Efficiency of the Green Synthesized Nanoparticles as New Tools in Cancer Therapy: Insights on Plant-Based Bioengineered Nanoparticles, Biophysical Properties, and Anticancer Roles

  • Inès KarmousEmail author
  • Ashish Pandey
  • Khemais Ben Haj
  • Abdelilah Chaoui


The aim of this work is to review the current knowledge on the efficiency of plant-based synthesized nanoparticles in medical field, particularly in the prevention, diagnosis, and therapy of cancer. For this, we examine the advantages of nanotechnological tools. Besides, a particular attention was given to understand the mechanism by which plant-based bioengineered nanoparticles can interact with components of cancerous cells. Green biosynthesized nanoparticles seem to be novel tool for prognostic biomarkers for cancer diagnosis and drug delivery in tumor cells. They can act either by leading to the damage of tumor cells, or by the protection of healthy cells, via mechanisms involving the specific properties of nanoparticles themselves and the antioxidative and antitumor properties found in plants. However, special attention should be given to the choice of plant species, extracts, and the toxic dose of some phytocompounds during the biosynthesis process. An increase in metal or trace element release from metal and metal oxide biosynthesized nanoparticles can lead to greater oxidative stress, which is associated with higher risk of cancer.

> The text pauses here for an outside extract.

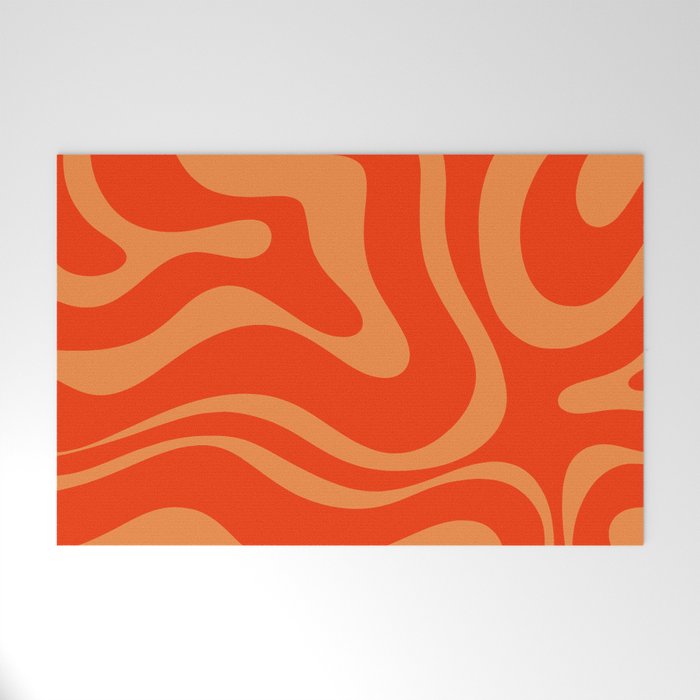 Bold Orange Modern Retro Liquid Swirl Abstract Pattern Welcome Mat Gallery Image 1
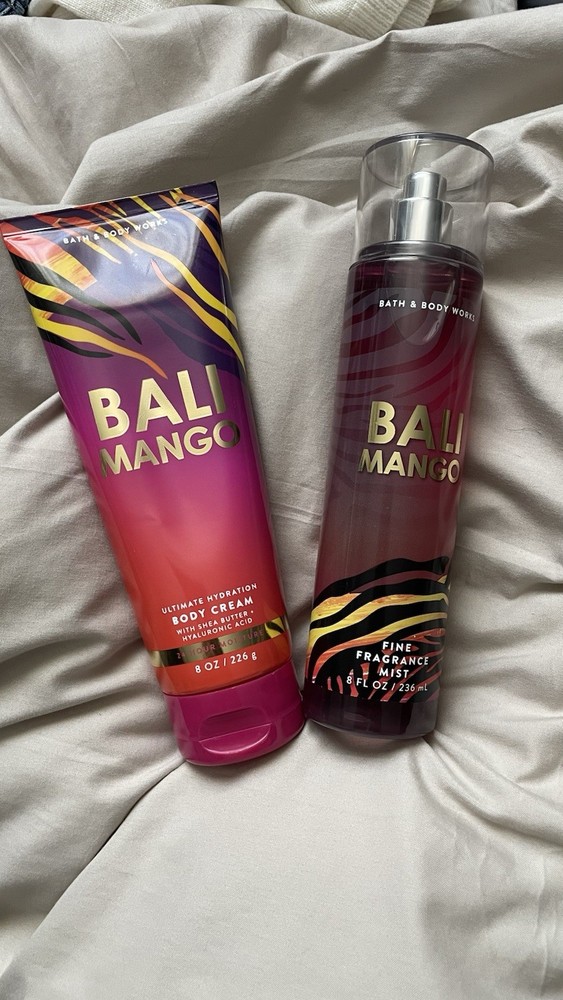 Bath and Body Works Bali Mango Fine Fragrance Mist and Body Cream Set of 2 New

Hence, plant-based nanosystems should be more developed to increase their specific targeting of the cancerous cells, in order to preserve the healthy ones.


Biosynthesis Cancer diagnosis and therapy Nanotechnology Plant extracts 



Research in the laboratory in Tunisia is supported by the Tunisian Ministry of Education and Scientific Research.

Compliance with Ethical Standards

Conflict of Interest

The authors declare that they have no conflict of interest.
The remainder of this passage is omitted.